Hello. I'm having a problem viewing the last posts in a thread (any thread). Here is a screenshot of what I see. Please let me know what's up. I have sent a message to a mod with no response, yet. Thanks.
Looks like your viewing options have been changed to Outline mode.
Look under the 'Options' button upper right and change the Display Mode to 'Standard'.
That'll fix it.
Thanks, Astro. I never knew I could do that (change the type of view) in a forum. Awesome!
Ok Admins…
I need to throw this at ya…..
There was a conference earlier this month at UCLA on Mars Habitability: link below
http://planets.ucla.edu/meetings/mars-habitability-2013/program/
A lot of fascinating talks on possibility of transient liquid water near the surface. Alfred McEwen gives a 30 min update on Mars RSL (Recurring Slope Lineae). They are now identifying sites at Vallis Marineris that track the sun. Also updates on Phoenix results are presented. Chemistry of perchlorates. A 60 min talk by Aswhin Vasavada on early MSL results from Gale (this is as of 02/04/2013) which I have not had time to watch yet.
Those are in the early sessions.
I have thought of posting the link in the discussion thread on 'List of Evidence of Water on Mars'. But the later talks concentrate on the possibilities for current life on Mars. A taboo subject here. Hate to throw the baby out with the bathwater.
Take a look and see what you think. I could just post links to the earlier sessions.
Craig
Craig,
Post the links to the speific papers, that fine.
Even the conference link is OK.
If we stopped every link to a space-related conference just because there might be a reference, paper or hallway chat about 'life' then we wouldn't have any links at all.
Members are fully aware of the rules on discussion of this issue on UMSF.
Referring to a conference where it might be one of a hundred topics does not breach that rule.
One caveat would be if the conference was specific to that topic.
Thanks Astro0...
I will post ...
I noticed that the Oppy forum doesn't have a "fast reply" option, just the regular "add reply". Can someone include the "fast reply" option? Most other forums seem to include "fast reply".
Normally it wouldn't matter to me since I use "add reply", but I'm at a hotel and strangely the internet here doesn't allow me to use "add reply" - when I try nothing happens. "Fast reply", however, works fine. I'd like to post about Oppy!
Thanks.
I'm discussing this with the other admins just to be certain there is no reason why this is not standard across all of the forums. if there is no reason for this ( and I'm not aware of any at this stage ) then we'll turn it on.

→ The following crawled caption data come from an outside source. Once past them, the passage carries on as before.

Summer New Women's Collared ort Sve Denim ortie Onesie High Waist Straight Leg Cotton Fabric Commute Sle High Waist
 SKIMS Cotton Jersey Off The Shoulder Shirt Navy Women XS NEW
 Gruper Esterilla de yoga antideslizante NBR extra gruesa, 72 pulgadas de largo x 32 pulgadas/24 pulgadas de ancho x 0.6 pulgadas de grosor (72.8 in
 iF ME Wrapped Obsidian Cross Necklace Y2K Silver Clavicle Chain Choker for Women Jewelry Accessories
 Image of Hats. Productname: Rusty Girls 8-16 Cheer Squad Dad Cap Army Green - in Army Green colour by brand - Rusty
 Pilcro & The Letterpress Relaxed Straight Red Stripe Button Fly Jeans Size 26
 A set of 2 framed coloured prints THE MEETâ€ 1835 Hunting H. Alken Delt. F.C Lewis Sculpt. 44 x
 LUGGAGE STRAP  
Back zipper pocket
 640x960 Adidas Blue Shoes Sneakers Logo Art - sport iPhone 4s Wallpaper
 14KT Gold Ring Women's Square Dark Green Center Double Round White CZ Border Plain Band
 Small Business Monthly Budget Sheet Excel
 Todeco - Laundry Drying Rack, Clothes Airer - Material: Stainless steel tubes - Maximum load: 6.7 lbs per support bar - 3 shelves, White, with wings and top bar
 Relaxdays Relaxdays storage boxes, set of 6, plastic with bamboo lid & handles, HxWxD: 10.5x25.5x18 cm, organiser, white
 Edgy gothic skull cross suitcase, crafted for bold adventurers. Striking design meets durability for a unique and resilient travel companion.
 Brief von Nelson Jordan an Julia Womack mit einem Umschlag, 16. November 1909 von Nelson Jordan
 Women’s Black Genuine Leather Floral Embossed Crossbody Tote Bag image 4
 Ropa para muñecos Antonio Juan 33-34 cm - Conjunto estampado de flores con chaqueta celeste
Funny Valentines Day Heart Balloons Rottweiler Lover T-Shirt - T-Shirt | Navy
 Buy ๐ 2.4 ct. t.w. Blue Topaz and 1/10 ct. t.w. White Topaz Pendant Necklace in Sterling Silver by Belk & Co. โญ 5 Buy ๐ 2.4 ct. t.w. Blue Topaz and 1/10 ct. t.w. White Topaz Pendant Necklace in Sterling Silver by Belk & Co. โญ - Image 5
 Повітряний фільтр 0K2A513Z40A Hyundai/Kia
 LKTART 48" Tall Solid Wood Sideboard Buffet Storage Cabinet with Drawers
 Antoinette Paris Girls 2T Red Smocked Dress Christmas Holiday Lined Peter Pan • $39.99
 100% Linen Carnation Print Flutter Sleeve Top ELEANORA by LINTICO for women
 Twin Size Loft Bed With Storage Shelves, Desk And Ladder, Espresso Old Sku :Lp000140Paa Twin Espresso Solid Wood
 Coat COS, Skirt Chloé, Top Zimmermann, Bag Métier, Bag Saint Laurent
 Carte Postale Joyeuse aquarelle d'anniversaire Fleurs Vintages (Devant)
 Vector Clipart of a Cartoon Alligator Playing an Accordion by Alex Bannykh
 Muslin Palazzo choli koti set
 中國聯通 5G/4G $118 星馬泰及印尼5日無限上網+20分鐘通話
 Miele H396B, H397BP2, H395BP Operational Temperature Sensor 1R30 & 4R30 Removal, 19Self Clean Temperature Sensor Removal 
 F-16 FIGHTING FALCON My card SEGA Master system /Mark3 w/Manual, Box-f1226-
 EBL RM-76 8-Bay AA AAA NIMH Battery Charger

I'll get back to you shortly.
Fred - duly discussed, agreed and I've now made the changes.
There were about 10 sub-forums that had this turned off, I've changed it throughout to be consistently enabled. If I've missed any let me know.
Rosetta subforum Por favor? Should be a high volume topic here shortly (fingers crossed).
Done!
Good thought infocat13.
Give the team a day to think about the appropriate set up.
Cheers
Astro0
The Forum has a major aversity to running polls, so I dont think we'll be doing that.
Like any section on the Forum, discussion topics will evolve over time.
The Admin/Mod Team are trying to keep some logical structure in each section and in the future to avoid us having to do major restructring (eg: the recent rebuild of the New Horizons section) we want to keep a tighter reign on the larger covering sub-forums. Topics need to follow a structure that allows future readers to get a clear picture of how the mission evolved and progressed.
Cool I look foreword to your thoughts on the restructuring of the mars 2020 thread and the next 4 years of MEPAg mars lander committee reports....................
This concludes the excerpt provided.